### [Your goal]
Every line from the one containing "Snapshot of charleekendall" to the one containing "Discover the natural" in the records below, both included, must be set down exactly, and no other line.

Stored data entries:
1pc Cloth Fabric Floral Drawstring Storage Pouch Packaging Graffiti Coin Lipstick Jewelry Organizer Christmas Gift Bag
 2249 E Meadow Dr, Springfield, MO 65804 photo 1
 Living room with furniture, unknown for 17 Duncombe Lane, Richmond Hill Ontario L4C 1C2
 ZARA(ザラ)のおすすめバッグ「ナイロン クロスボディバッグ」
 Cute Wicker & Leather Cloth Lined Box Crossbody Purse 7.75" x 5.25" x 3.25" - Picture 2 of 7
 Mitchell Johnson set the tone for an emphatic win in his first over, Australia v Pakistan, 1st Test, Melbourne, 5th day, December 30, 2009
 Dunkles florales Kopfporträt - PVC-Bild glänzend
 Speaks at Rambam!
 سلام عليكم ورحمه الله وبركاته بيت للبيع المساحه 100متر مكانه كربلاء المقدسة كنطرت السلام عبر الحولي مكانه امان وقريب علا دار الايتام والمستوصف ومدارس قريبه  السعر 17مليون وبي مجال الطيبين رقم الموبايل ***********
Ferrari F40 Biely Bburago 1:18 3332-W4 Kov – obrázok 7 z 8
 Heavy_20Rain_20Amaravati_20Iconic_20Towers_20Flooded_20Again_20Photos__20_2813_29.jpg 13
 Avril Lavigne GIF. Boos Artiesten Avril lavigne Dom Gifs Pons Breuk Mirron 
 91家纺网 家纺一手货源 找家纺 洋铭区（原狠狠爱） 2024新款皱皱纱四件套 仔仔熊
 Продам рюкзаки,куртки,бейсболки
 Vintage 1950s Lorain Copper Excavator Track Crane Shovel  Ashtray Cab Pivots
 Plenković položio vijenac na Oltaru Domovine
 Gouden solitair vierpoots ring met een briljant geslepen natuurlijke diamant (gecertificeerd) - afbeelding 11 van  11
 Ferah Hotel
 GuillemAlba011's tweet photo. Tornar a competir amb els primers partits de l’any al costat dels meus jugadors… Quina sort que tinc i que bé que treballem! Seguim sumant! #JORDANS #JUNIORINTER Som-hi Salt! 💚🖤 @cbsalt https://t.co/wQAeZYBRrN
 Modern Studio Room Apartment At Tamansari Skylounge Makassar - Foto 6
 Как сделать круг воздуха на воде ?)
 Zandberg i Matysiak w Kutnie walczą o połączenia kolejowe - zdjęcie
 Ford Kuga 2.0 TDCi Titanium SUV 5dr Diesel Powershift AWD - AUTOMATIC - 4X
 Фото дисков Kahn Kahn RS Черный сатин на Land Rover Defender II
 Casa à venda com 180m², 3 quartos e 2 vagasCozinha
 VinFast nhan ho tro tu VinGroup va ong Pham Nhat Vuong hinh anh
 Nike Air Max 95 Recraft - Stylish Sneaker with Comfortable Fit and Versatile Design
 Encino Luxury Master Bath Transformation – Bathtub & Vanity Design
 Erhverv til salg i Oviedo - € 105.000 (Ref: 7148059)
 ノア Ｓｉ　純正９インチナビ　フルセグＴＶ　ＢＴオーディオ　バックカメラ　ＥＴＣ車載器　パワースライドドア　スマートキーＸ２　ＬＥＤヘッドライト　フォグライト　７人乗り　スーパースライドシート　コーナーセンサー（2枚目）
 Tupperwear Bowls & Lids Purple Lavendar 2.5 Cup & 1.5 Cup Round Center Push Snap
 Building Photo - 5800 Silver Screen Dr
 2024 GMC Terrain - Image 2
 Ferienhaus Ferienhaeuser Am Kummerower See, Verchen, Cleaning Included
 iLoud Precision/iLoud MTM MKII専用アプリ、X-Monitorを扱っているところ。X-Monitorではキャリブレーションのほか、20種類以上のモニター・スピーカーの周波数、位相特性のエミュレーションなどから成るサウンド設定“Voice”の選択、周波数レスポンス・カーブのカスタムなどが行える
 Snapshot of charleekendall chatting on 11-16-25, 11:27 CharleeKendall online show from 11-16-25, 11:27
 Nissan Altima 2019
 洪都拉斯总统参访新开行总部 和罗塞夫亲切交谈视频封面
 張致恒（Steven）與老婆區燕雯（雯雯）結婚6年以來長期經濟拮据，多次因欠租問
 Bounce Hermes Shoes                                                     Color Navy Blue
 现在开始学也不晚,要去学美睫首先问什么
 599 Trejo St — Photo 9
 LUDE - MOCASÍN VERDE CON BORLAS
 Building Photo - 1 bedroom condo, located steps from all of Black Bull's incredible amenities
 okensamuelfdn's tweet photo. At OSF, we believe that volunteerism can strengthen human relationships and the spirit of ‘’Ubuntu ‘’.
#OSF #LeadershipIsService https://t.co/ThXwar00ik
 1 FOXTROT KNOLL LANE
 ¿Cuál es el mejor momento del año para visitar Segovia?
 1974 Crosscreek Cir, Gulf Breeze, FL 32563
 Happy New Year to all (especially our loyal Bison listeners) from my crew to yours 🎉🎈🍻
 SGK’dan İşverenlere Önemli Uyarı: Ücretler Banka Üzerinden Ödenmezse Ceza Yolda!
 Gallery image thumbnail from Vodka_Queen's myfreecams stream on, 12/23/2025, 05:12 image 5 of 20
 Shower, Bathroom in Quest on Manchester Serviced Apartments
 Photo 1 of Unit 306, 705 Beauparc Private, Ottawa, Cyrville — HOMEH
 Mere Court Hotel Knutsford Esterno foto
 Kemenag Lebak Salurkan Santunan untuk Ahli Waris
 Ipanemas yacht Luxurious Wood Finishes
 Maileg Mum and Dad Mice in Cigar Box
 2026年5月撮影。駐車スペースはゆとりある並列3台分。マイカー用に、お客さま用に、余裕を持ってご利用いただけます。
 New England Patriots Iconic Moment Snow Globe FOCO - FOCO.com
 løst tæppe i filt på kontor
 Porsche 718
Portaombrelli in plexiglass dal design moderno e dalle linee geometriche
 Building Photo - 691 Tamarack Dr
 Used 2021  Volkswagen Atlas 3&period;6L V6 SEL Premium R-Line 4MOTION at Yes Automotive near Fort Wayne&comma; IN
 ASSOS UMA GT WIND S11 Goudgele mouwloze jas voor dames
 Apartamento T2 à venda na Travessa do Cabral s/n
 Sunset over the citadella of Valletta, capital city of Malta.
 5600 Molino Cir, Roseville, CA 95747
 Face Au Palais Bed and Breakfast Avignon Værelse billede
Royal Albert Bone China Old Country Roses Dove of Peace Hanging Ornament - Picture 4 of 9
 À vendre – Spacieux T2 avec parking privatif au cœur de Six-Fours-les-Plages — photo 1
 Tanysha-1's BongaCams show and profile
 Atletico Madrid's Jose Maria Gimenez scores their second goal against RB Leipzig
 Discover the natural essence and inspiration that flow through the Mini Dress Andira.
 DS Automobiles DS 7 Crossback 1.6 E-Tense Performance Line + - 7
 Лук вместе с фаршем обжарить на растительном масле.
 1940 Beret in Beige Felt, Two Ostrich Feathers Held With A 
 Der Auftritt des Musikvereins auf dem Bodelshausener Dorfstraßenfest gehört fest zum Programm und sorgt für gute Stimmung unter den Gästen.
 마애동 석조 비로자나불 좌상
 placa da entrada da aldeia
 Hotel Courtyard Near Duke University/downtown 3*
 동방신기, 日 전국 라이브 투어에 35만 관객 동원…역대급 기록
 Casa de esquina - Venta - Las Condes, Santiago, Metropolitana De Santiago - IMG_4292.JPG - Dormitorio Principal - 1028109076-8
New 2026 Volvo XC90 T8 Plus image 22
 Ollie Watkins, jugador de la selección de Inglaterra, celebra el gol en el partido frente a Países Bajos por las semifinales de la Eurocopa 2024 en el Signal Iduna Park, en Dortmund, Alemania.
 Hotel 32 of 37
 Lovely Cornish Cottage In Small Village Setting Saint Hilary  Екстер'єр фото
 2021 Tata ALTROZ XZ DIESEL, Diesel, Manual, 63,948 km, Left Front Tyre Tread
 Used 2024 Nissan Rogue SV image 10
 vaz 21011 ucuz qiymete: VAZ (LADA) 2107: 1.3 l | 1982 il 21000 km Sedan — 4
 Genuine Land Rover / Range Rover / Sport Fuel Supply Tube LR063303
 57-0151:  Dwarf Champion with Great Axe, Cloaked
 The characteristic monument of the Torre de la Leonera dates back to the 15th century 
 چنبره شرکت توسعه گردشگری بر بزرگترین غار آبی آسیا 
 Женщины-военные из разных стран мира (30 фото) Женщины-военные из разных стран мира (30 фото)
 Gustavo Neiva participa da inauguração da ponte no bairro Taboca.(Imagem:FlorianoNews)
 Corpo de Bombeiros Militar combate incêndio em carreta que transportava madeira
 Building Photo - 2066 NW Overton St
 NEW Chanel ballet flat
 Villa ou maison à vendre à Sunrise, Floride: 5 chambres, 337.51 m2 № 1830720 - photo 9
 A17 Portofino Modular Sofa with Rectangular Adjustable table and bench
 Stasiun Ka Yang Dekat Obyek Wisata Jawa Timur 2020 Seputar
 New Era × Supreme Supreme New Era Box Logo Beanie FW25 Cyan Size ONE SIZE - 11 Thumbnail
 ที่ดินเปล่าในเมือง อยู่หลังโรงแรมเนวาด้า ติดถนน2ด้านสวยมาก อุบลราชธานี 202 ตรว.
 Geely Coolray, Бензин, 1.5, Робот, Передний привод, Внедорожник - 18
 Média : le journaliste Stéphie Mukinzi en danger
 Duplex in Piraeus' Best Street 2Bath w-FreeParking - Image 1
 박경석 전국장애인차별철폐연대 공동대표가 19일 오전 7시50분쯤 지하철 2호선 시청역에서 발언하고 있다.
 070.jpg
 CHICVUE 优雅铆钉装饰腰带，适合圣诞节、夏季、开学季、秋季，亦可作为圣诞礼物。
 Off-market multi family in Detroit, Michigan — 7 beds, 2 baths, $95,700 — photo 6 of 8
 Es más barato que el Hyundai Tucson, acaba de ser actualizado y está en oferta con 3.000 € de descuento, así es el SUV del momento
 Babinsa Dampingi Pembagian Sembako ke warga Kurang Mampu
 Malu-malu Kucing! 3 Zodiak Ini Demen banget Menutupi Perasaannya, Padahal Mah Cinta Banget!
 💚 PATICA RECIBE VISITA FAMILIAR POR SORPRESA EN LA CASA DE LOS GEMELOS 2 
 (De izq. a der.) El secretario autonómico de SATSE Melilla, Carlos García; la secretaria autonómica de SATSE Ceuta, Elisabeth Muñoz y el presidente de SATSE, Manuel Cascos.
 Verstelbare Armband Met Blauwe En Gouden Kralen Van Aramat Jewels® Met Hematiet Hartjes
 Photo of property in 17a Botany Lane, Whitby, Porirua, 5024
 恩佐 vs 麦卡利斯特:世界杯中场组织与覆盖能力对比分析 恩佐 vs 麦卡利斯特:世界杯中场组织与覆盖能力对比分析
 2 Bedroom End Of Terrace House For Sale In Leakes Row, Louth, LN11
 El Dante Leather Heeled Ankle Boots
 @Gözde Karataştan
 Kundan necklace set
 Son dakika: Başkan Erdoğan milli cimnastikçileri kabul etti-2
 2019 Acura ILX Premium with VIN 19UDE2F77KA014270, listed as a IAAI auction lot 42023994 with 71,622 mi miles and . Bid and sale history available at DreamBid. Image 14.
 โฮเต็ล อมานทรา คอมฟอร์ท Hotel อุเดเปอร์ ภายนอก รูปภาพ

### [Exercise result]
 Snapshot of charleekendall chatting on 11-16-25, 11:27 CharleeKendall online show from 11-16-25, 11:27
 Nissan Altima 2019
 洪都拉斯总统参访新开行总部 和罗塞夫亲切交谈视频封面
 張致恒（Steven）與老婆區燕雯（雯雯）結婚6年以來長期經濟拮据，多次因欠租問
 Bounce Hermes Shoes                                                     Color Navy Blue
 现在开始学也不晚,要去学美睫首先问什么
 599 Trejo St — Photo 9
 LUDE - MOCASÍN VERDE CON BORLAS
 Building Photo - 1 bedroom condo, located steps from all of Black Bull's incredible amenities
 okensamuelfdn's tweet photo. At OSF, we believe that volunteerism can strengthen human relationships and the spirit of ‘’Ubuntu ‘’.
#OSF #LeadershipIsService https://t.co/ThXwar00ik
 1 FOXTROT KNOLL LANE
 ¿Cuál es el mejor momento del año para visitar Segovia?
 1974 Crosscreek Cir, Gulf Breeze, FL 32563
 Happy New Year to all (especially our loyal Bison listeners) from my crew to yours 🎉🎈🍻
 SGK’dan İşverenlere Önemli Uyarı: Ücretler Banka Üzerinden Ödenmezse Ceza Yolda!
 Gallery image thumbnail from Vodka_Queen's myfreecams stream on, 12/23/2025, 05:12 image 5 of 20
 Shower, Bathroom in Quest on Manchester Serviced Apartments
 Photo 1 of Unit 306, 705 Beauparc Private, Ottawa, Cyrville — HOMEH
 Mere Court Hotel Knutsford Esterno foto
 Kemenag Lebak Salurkan Santunan untuk Ahli Waris
 Ipanemas yacht Luxurious Wood Finishes
 Maileg Mum and Dad Mice in Cigar Box
 2026年5月撮影。駐車スペースはゆとりある並列3台分。マイカー用に、お客さま用に、余裕を持ってご利用いただけます。
 New England Patriots Iconic Moment Snow Globe FOCO - FOCO.com
 løst tæppe i filt på kontor
 Porsche 718
Portaombrelli in plexiglass dal design moderno e dalle linee geometriche
 Building Photo - 691 Tamarack Dr
 Used 2021  Volkswagen Atlas 3&period;6L V6 SEL Premium R-Line 4MOTION at Yes Automotive near Fort Wayne&comma; IN
 ASSOS UMA GT WIND S11 Goudgele mouwloze jas voor dames
 Apartamento T2 à venda na Travessa do Cabral s/n
 Sunset over the citadella of Valletta, capital city of Malta.
 5600 Molino Cir, Roseville, CA 95747
 Face Au Palais Bed and Breakfast Avignon Værelse billede
Royal Albert Bone China Old Country Roses Dove of Peace Hanging Ornament - Picture 4 of 9
 À vendre – Spacieux T2 avec parking privatif au cœur de Six-Fours-les-Plages — photo 1
 Tanysha-1's BongaCams show and profile
 Atletico Madrid's Jose Maria Gimenez scores their second goal against RB Leipzig
 Discover the natural essence and inspiration that flow through the Mini Dress Andira.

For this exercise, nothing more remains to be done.